WORK ITEM:
Among the lines below, copy exactly those from the one with "ICEST CAMPUS 2000" through the one with "setelah pemakaian penumbuh brewok fabron", counting both ends.

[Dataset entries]
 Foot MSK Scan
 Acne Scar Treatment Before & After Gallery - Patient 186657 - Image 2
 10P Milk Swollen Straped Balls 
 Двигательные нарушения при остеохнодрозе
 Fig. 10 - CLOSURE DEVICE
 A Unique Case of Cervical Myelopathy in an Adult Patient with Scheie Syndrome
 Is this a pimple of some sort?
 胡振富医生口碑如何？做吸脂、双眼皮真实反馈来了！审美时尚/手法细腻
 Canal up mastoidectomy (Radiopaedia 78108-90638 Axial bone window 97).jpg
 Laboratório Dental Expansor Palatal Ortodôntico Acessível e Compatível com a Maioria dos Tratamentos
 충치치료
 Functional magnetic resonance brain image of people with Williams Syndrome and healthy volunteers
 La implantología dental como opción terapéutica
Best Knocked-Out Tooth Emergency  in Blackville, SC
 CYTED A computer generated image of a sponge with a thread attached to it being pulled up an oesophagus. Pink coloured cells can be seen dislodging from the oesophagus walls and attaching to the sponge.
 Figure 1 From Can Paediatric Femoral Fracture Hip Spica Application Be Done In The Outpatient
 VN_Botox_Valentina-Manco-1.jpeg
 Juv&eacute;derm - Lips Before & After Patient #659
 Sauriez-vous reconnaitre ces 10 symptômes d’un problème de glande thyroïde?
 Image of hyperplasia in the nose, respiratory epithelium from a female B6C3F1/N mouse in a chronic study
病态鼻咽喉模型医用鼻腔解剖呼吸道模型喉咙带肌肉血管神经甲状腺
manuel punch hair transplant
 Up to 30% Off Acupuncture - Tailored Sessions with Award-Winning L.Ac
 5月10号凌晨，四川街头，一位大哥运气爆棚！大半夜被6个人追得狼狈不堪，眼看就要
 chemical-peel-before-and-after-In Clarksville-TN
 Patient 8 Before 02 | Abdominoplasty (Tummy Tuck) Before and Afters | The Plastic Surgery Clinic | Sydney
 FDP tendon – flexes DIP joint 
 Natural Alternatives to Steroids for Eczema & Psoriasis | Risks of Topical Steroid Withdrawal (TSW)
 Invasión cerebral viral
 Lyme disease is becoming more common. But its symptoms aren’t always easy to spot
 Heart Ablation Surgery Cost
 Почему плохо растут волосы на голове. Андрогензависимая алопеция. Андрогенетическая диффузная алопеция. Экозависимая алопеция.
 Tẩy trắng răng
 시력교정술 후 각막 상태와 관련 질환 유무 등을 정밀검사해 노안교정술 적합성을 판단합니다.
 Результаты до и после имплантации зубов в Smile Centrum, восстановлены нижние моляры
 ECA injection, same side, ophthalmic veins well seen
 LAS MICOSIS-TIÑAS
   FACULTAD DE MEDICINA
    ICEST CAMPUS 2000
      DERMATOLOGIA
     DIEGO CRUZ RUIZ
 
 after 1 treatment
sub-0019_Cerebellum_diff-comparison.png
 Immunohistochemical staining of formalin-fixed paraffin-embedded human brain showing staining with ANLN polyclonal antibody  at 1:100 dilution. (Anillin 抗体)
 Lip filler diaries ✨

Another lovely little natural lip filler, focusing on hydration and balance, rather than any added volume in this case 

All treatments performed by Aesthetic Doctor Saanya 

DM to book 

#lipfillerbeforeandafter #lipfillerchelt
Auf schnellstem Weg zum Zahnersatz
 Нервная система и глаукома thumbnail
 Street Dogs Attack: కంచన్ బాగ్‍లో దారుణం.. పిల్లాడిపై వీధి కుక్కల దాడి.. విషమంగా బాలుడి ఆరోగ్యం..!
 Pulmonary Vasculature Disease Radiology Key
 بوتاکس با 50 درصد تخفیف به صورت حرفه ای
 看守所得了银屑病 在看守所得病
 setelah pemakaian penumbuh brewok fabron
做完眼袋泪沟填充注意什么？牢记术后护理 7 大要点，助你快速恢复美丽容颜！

RESULT:
    ICEST CAMPUS 2000
      DERMATOLOGIA
     DIEGO CRUZ RUIZ
 
 after 1 treatment
sub-0019_Cerebellum_diff-comparison.png
 Immunohistochemical staining of formalin-fixed paraffin-embedded human brain showing staining with ANLN polyclonal antibody  at 1:100 dilution. (Anillin 抗体)
 Lip filler diaries ✨

Another lovely little natural lip filler, focusing on hydration and balance, rather than any added volume in this case 

All treatments performed by Aesthetic Doctor Saanya 

DM to book 

#lipfillerbeforeandafter #lipfillerchelt
Auf schnellstem Weg zum Zahnersatz
 Нервная система и глаукома thumbnail
 Street Dogs Attack: కంచన్ బాగ్‍లో దారుణం.. పిల్లాడిపై వీధి కుక్కల దాడి.. విషమంగా బాలుడి ఆరోగ్యం..!
 Pulmonary Vasculature Disease Radiology Key
 بوتاکس با 50 درصد تخفیف به صورت حرفه ای
 看守所得了银屑病 在看守所得病
 setelah pemakaian penumbuh brewok fabron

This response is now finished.